**YOUR OBJECTIVE:**
All of the data that follows should be retyped exactly, please, except the pictures.

(Scraped caption text data)
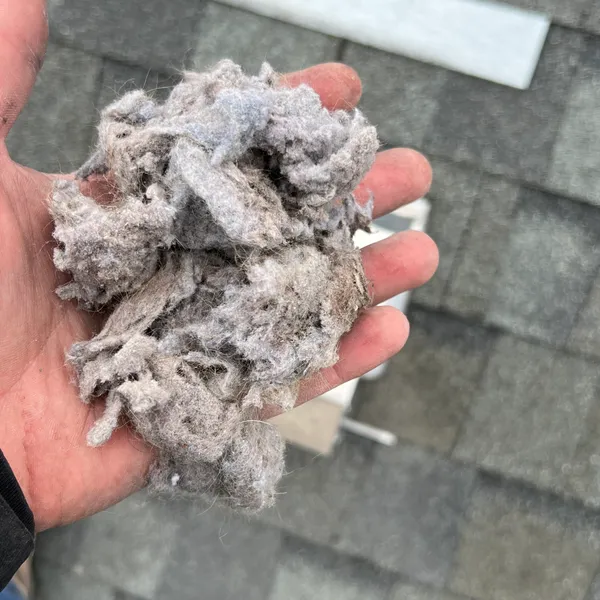Lint buildup from roof vent cover Stone Mill Village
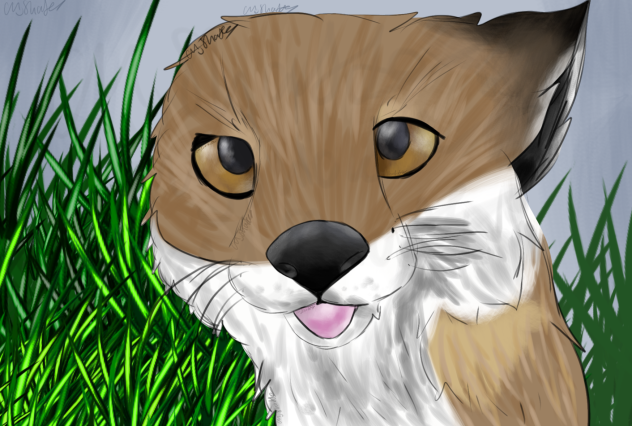 ^ Foxxx ^
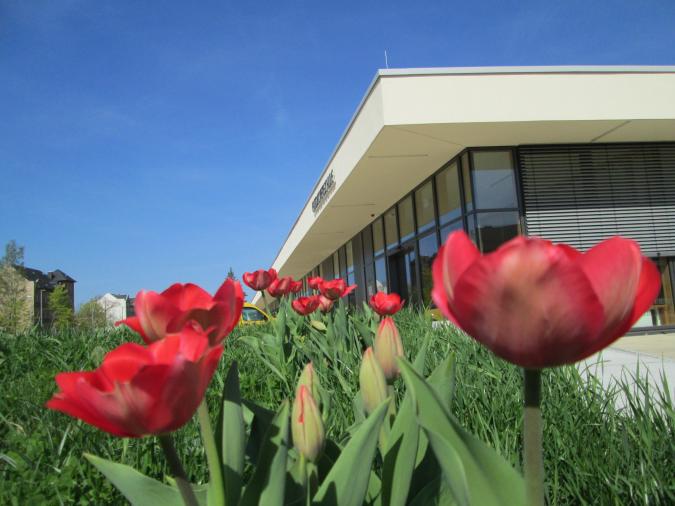 Blick auf das Schulgebäude, im Vordergrund große rote Tulpen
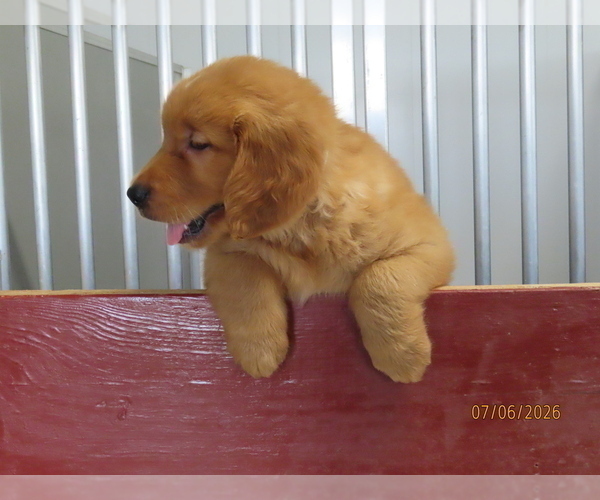 Medium Photo #5 Golden Retriever Puppy For Sale in THORP, WI, USA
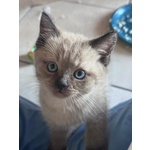 🐱 Munchkin femmina di 2 mesi in vendita a Mirandola (MO) da privato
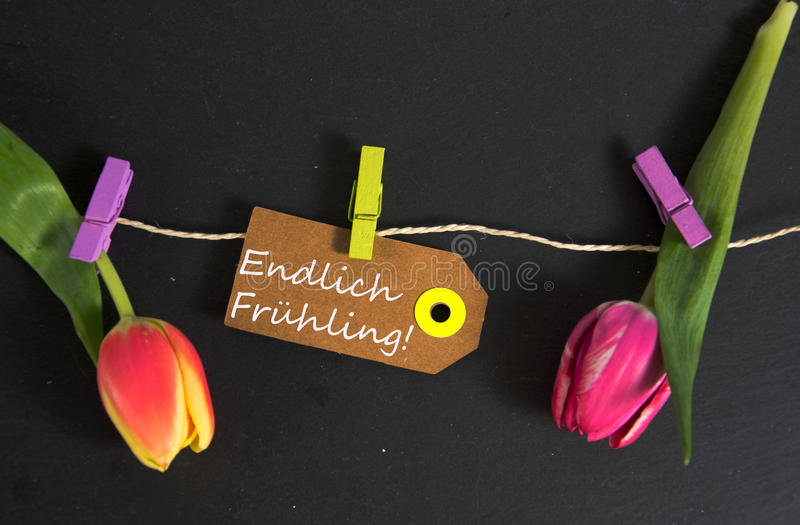 Gartendeko FrÃ¼hling Schön Hling Fr01的04 春天的德国词 库存图片 图片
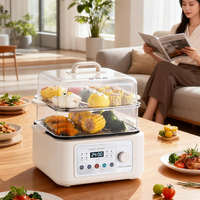 Casserole électrique YUEDISI grande capacité 12L avec arrêt automatique et protection contre l'ébullition à sec, cuiseur vapeur électrique en acier inoxydable à deux niveaux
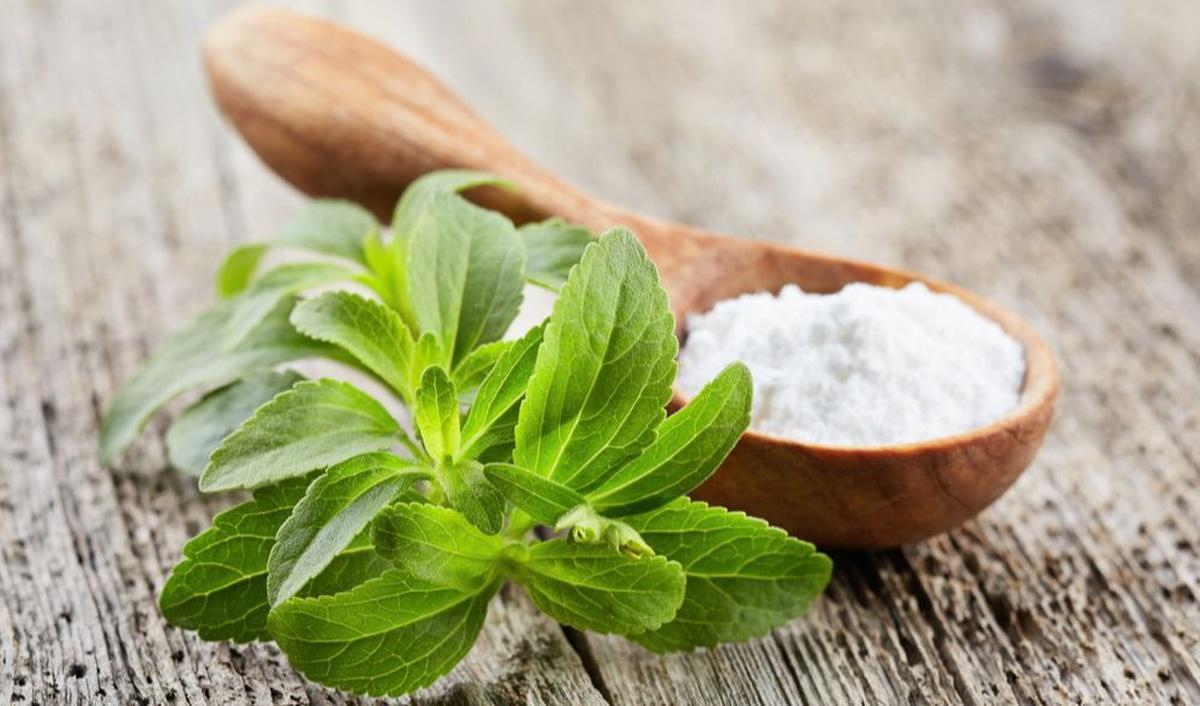 7.&nbsp;Daun Stevia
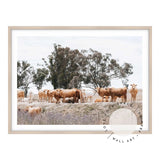 Country Cattle II Framed Print 100x70cm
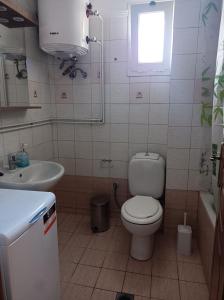 a bathroom with a toilet and a sink at DESPOINA APARTMENT with garden in Néa Michanióna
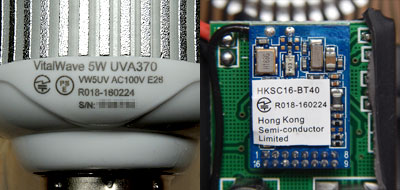 バイタルウェーブ/VitalWave｜ブルーハーバー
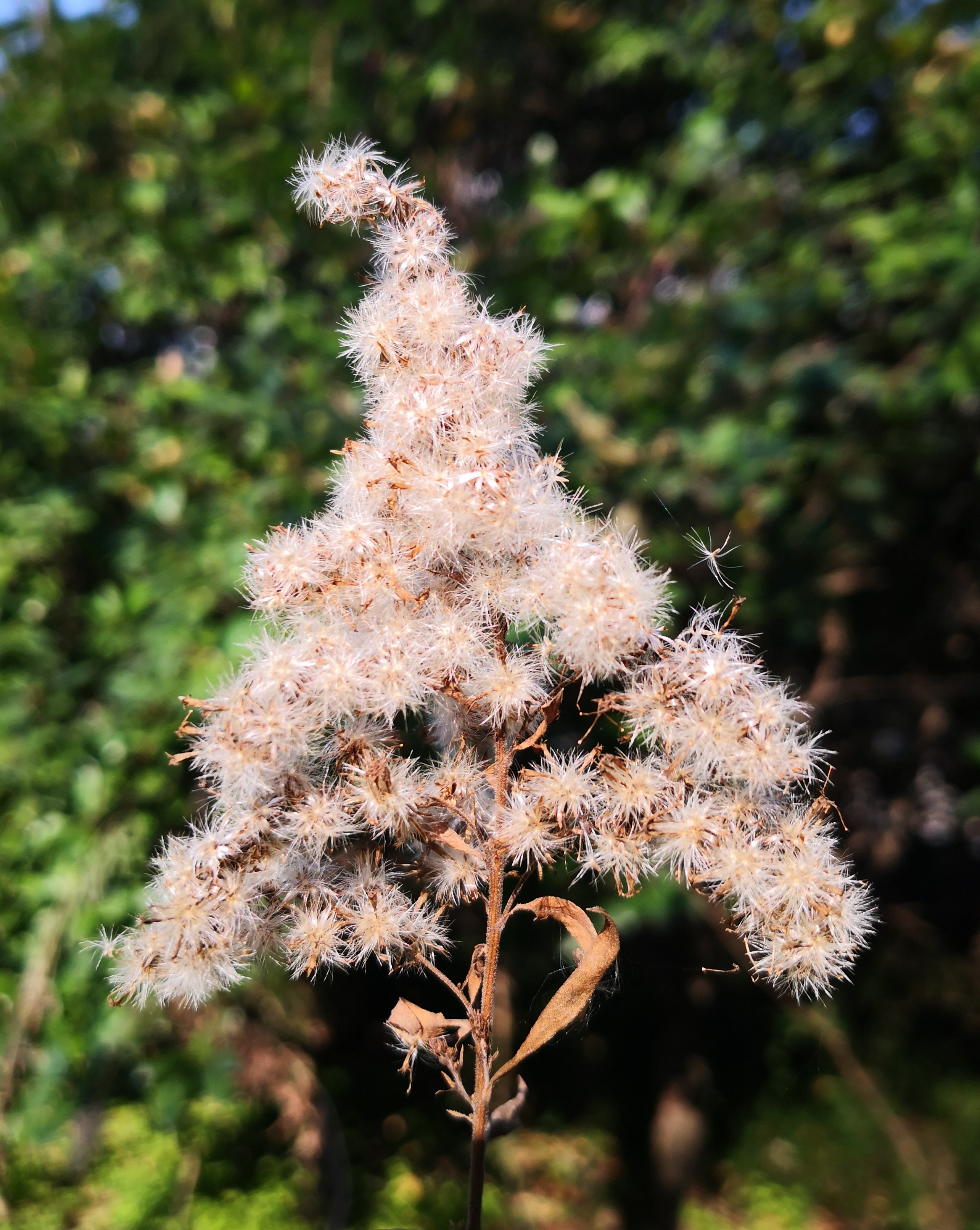 江苏镇江常见恶性菊科入侵植物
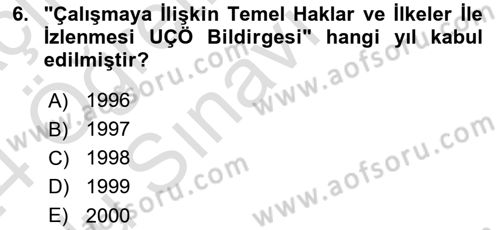 Uluslararası Sosyal Politika Dersi 2023 - 2024 Yılı Yaz Okulu Sınav Soruları 6. Soru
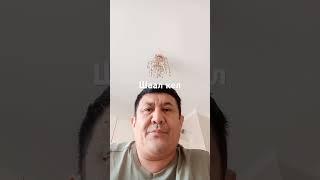 Шал келе ме?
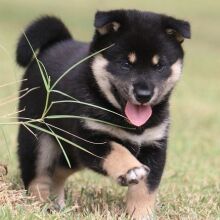 Shiba Inu Puppy Enjoy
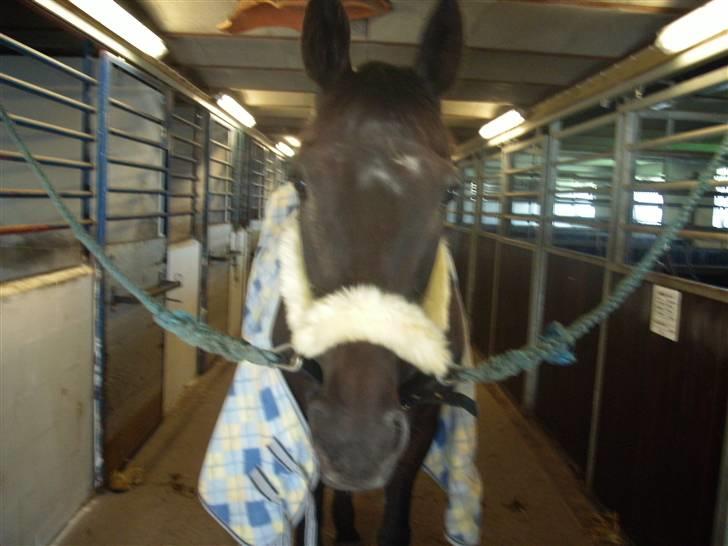 Traver Classic Lady R.I.P :-( - Hejsa og Velkommen til Lady´s profil. Når nu i er herinde, vil i så lige smide en kommentar og bedømmelse billede 1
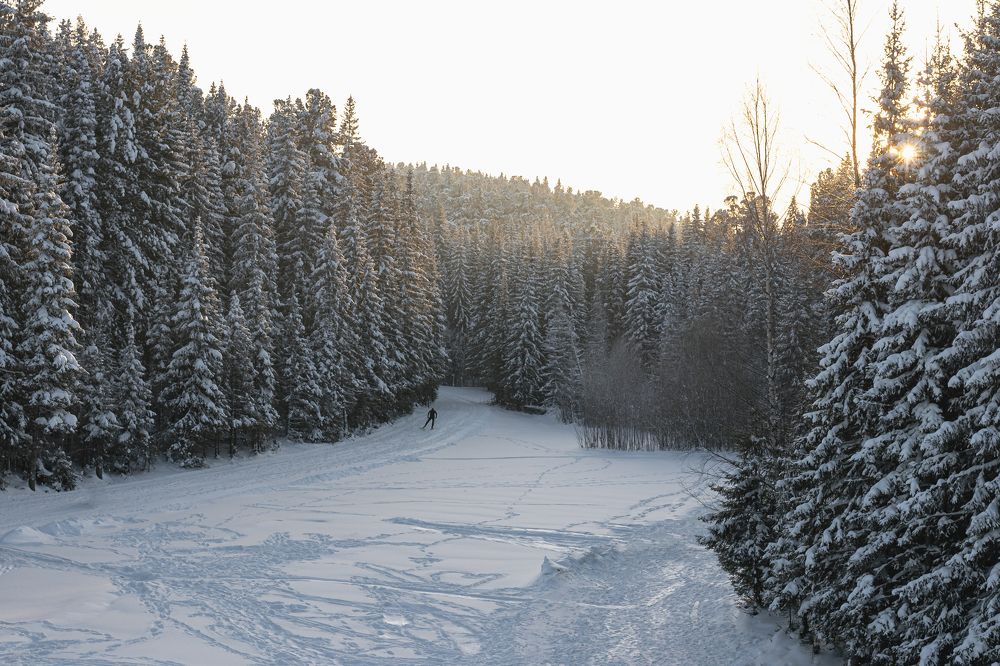 Photograph by Виктория Руснак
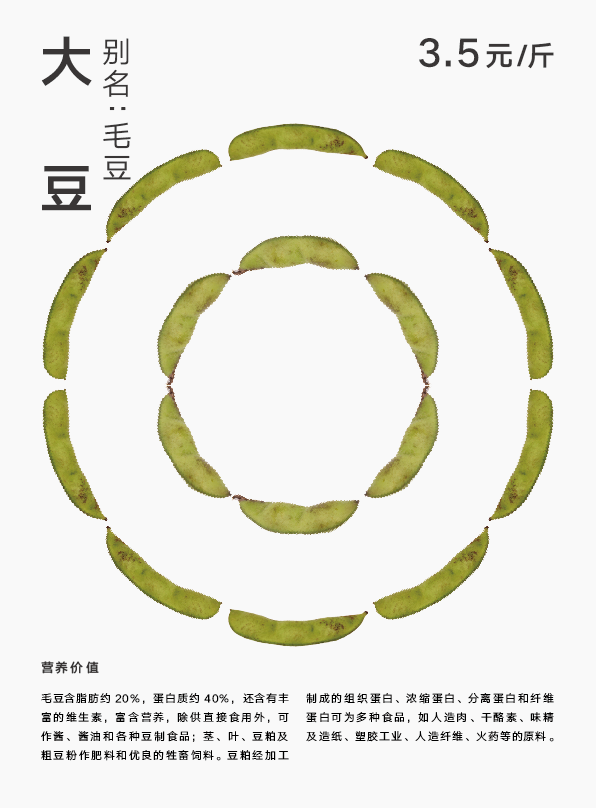 【果蔬系列传单】系列传单海报设计图4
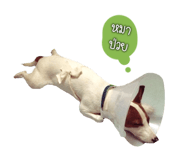158282929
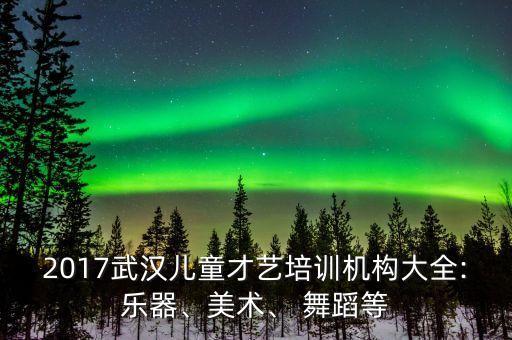 2017武汉儿童才艺培训机构大全:乐器、美术、 舞蹈等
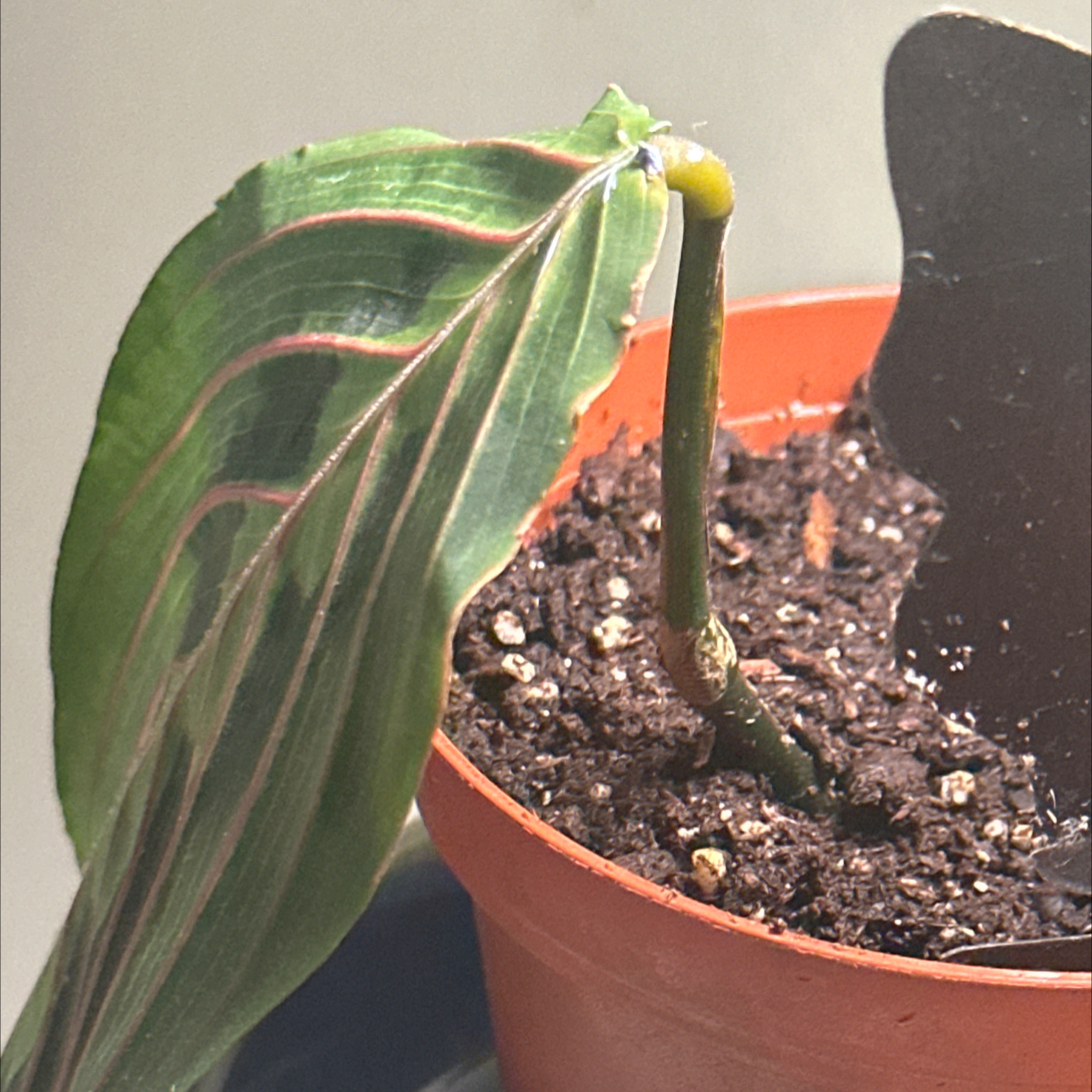 Photo of the plant species Red Prayer Plant by @Learningtogrow named Emerson on Greg, the plant care app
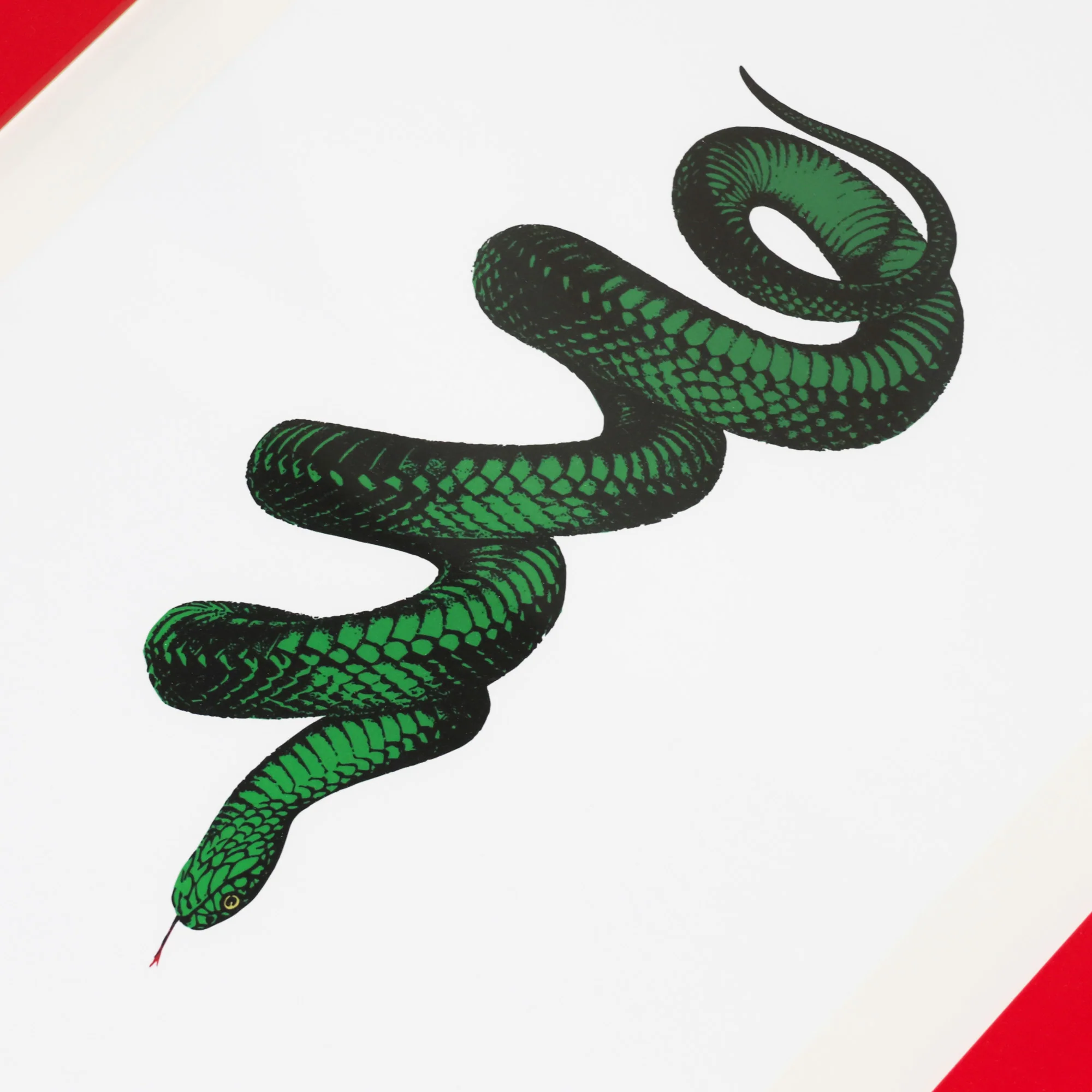 Bite Back Series - Emerald - Image 2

**YOUR SOLUTION:**
Lint buildup from roof vent cover Stone Mill Village
 ^ Foxxx ^
 Blick auf das Schulgebäude, im Vordergrund große rote Tulpen
 Medium Photo #5 Golden Retriever Puppy For Sale in THORP, WI, USA
 🐱 Munchkin femmina di 2 mesi in vendita a Mirandola (MO) da privato
 Gartendeko FrÃ¼hling Schön Hling Fr01的04 春天的德国词 库存图片 图片
 Casserole électrique YUEDISI grande capacité 12L avec arrêt automatique et protection contre l'ébullition à sec, cuiseur vapeur électrique en acier inoxydable à deux niveaux
 7.&nbsp;Daun Stevia
 Country Cattle II Framed Print 100x70cm
 a bathroom with a toilet and a sink at DESPOINA APARTMENT with garden in Néa Michanióna
 バイタルウェーブ/VitalWave｜ブルーハーバー
 江苏镇江常见恶性菊科入侵植物
 Uluslararası Sosyal Politika Dersi 2023 - 2024 Yılı Yaz Okulu Sınav Soruları 6. Soru
 Шал келе ме?
 Shiba Inu Puppy Enjoy
 Traver Classic Lady R.I.P :-( - Hejsa og Velkommen til Lady´s profil. Når nu i er herinde, vil i så lige smide en kommentar og bedømmelse billede 1
 Photograph by Виктория Руснак
 【果蔬系列传单】系列传单海报设计图4
158282929
 2017武汉儿童才艺培训机构大全:乐器、美术、 舞蹈等
 Photo of the plant species Red Prayer Plant by @Learningtogrow named Emerson on Greg, the plant care app
 Bite Back Series - Emerald - Image 2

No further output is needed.